Twenty pounds heavier, with a 5.5-degree driver, Bryson DeChambeau is one back

FORT WORTH, Texas – Colonial Country Club is not a bomber’s golf course. Hogan’s Alley is where ball striker’s come to have their day on a Tour littered with big ball parks.

Evidently, Bryson DeChambeau didn’t get the memo.

The PGA Tour’s preeminent gym rat is tied for second place at the Charles Schwab Challenge after a second-round 65 and it’s largely due to his ability to drive the ball ridiculous distances.

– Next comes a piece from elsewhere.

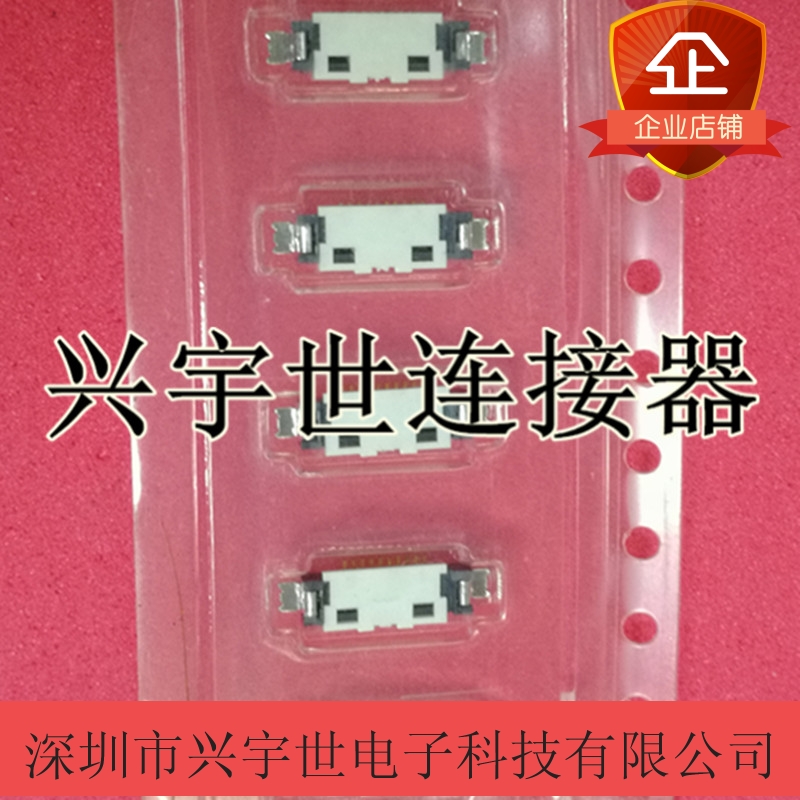 20374-R10E-31 全新原装IPEX品牌连接器10pin0.4MM板端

DeChambeau is leading the field in driving distance with a 300.4-yard average, and he figures that’s not even close to what he’s capable of on a course that would allow for more drivers.

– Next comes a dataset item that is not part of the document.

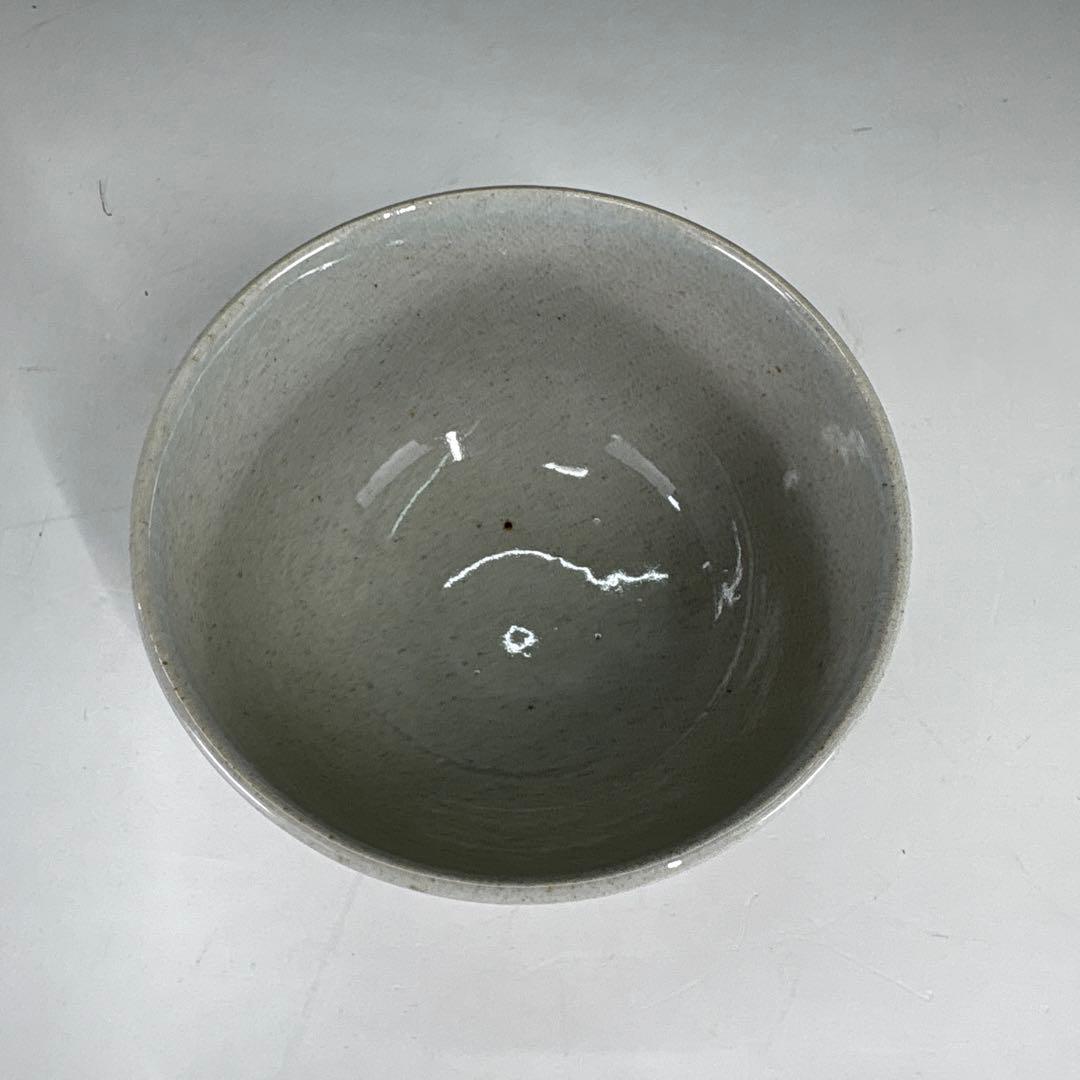 【茶道具】膳所焼　宗胡録汲出九客（共箱）★送料込★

“Quite honestly I can’t use it (his increased speed) out here. There’s only a couple holes I can use it, No. 11 and No. 1 and No. 2 really,” DeChambeau said of his distance gains.


Chamblee: What Bryson has done to create speed is amazing


DeChambeau packed on 20 pounds during the quarantine in his continued quest for more speed and longer drives. His transformation has been so dramatic that the limited number of fans around the 18th green on Friday were guessing his weight.

“They were quite a bit off,” DeChambeau said. “They said like something around 350 area, and they’re 100 pounds off.”

So just how much does he weigh? And where exactly is all this leading?

“I’m only 235 to 240 right now,” he said. “I think when I play these next three weeks, I’ll get down to 230. But my ultimate goal is to get as strong as I can, and I don’t know what that weight is. I’m just going to keep proportionally making everything stronger and applying some force and speed to the golf swing to see what it can handle.”

Right now, golf clubs are having a tough time handling him. It’s why he’s had to make some changes in his bag. He’s now playing a 5.5-degree driver, he’s de-lofted all his irons, and he’s looking to add a 10-degree 3-wood.

“I’m producing so much spin I have to change the clubs [themselves],” he added. “It’s crazy.”

Just for reference, DeChambeau is now a good 40 pounds heavier than he was when he won the U.S. Amateur and the NCAA Individual championship in 2015, when he was just shy of an even 200. But that, of course, was five years ago.

He’s up two shirt sizes, from medium to extra large, since just last season.

“It’s a little big fit on me depending on the style of shirt, but I love it,” DeChambeau said. “It feels comfortable. My back, honestly, in this XL fits perfect. So I have had to change some stuff.”